Benny said the million-dollar question was what would happen to the milk price and to farmers when whole milk powder could be replaced by products made by using precision fermentation.
“People are still investing in farms and [farm-related businesses] that will not pay back in the next seven to 10 years. All the signals we are getting from industry players and the government is that milk is selling well and that dairy farmers are propping up the economy. It will be catastrophic for the economy if milk powder fails,” Benny said.
New Zealand’s current reliance on whole milk powder meant it was overexposed to such risks. There were not enough signals from the government and the industry that the dairy industry was at risk, Benny said.
Once companies were able to copy whole milk powder through precision fermentation, could make it on a large scale, and its price was similar or lower than whole milk powder from dairy, then there would be a tipping point, Benny said.
She said Fonterra’s partnership was similar to companies overseas.
In the United States, Perfect Day, which manufactured animal-free dairy alternatives, was working with ADM, she said.
Waikato dairy farmer Pete Morgan said at its core Fonterra was a food company. If it looked decades into the future, it would see precision fermentation was part of the answer to feeding a growing world population.
“The answer isn’t an us dairy and them other technologies, the answer will come from everybody. A company with a long-term focus would have to look at such technologies,” Morgan said.

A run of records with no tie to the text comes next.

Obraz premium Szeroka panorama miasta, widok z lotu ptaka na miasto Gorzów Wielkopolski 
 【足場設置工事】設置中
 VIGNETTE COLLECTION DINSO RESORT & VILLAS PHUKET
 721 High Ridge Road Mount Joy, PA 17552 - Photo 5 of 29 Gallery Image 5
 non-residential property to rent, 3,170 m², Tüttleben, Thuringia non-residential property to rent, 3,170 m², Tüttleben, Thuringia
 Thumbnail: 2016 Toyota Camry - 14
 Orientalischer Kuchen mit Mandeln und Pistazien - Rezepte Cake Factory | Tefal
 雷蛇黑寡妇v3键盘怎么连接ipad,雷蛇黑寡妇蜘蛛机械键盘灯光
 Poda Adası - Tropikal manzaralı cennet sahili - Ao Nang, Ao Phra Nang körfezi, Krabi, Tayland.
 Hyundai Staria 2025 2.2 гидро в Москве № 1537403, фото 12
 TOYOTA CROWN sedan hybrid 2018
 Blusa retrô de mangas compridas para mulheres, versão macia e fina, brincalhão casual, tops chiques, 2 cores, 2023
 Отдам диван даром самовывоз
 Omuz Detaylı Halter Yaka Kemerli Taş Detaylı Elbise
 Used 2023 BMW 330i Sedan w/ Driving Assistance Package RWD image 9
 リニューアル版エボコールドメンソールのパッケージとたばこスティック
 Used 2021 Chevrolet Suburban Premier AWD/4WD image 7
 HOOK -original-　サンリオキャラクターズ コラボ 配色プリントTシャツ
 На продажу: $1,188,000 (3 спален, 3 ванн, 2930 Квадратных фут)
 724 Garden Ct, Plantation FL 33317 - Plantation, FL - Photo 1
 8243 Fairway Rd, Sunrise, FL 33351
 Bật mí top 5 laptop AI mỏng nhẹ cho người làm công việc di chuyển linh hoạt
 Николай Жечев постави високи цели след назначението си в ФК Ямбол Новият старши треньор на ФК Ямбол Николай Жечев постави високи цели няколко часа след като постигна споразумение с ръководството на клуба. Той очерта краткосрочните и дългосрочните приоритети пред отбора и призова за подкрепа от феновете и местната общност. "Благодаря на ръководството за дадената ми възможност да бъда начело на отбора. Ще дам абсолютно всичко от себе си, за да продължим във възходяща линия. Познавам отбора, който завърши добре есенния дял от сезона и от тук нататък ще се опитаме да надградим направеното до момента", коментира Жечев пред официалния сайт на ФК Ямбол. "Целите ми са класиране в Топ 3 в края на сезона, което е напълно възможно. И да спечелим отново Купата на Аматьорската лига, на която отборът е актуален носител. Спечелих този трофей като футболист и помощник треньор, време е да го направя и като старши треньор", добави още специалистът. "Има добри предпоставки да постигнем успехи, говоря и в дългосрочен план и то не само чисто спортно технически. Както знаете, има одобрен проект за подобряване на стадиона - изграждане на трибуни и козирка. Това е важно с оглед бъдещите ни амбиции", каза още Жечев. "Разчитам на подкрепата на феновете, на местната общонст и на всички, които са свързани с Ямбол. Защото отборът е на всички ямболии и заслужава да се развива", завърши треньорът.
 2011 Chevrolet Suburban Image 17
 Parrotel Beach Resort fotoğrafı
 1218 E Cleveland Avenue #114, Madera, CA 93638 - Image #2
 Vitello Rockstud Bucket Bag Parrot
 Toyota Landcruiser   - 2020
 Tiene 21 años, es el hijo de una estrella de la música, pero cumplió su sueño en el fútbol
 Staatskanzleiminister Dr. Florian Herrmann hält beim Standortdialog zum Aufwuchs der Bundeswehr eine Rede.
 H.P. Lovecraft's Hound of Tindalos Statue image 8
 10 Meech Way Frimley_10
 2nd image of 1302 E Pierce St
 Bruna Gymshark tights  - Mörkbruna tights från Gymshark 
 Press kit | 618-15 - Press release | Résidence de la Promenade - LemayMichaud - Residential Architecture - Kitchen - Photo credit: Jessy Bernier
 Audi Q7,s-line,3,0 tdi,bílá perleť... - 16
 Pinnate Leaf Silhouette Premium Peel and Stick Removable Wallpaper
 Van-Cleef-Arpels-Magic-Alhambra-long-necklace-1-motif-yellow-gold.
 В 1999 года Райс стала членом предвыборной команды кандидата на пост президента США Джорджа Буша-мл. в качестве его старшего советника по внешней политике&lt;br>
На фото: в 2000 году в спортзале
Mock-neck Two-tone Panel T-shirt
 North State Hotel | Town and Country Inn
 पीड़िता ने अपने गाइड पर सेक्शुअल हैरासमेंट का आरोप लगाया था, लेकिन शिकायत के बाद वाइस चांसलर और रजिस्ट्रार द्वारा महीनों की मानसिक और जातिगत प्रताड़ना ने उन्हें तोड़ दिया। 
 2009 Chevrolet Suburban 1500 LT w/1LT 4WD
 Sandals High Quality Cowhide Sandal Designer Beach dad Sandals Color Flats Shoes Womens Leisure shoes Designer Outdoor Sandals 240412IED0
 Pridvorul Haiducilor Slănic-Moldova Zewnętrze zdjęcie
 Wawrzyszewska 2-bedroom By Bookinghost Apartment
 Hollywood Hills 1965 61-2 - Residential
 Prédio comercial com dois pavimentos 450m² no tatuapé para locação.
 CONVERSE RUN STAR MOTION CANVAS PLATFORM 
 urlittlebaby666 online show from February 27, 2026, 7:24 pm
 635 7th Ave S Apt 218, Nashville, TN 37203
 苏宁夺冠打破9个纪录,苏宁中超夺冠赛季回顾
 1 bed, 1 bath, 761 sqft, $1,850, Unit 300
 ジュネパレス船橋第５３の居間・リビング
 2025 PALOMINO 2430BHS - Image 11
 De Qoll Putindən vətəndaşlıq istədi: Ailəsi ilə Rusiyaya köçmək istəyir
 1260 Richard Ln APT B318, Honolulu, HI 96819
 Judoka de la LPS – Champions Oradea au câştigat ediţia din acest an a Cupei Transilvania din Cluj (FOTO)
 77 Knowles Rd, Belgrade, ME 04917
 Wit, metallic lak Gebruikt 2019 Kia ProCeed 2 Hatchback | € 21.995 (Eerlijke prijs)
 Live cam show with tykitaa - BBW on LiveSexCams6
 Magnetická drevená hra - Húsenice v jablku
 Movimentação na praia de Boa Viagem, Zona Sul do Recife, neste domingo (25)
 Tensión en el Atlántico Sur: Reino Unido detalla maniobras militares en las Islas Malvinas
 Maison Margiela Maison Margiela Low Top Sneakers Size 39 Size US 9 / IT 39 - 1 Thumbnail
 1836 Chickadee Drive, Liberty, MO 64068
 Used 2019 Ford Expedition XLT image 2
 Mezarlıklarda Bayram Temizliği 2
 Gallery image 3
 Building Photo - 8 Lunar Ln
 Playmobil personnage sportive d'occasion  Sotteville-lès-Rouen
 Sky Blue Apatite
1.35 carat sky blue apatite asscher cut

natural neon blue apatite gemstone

Morgan said it was widely known that if the world was to have enough food to meet its nutritional requirements by 2050, the amount of food being produced would have to double.
Milk was important as a raw product, but Fonterra was not just about milk but had expertise in food manufacturing, intellectual property, supply chains and customers, Morgan said.
There would be farmers who struggled to understand why Fonterra made this move, he said, but he believed Fonterra had a long-term view.
There was disruption coming to the dairy market, and it was better to head into that disruption with knowledge, than to wake up one day and have fallen behind, Morgan said.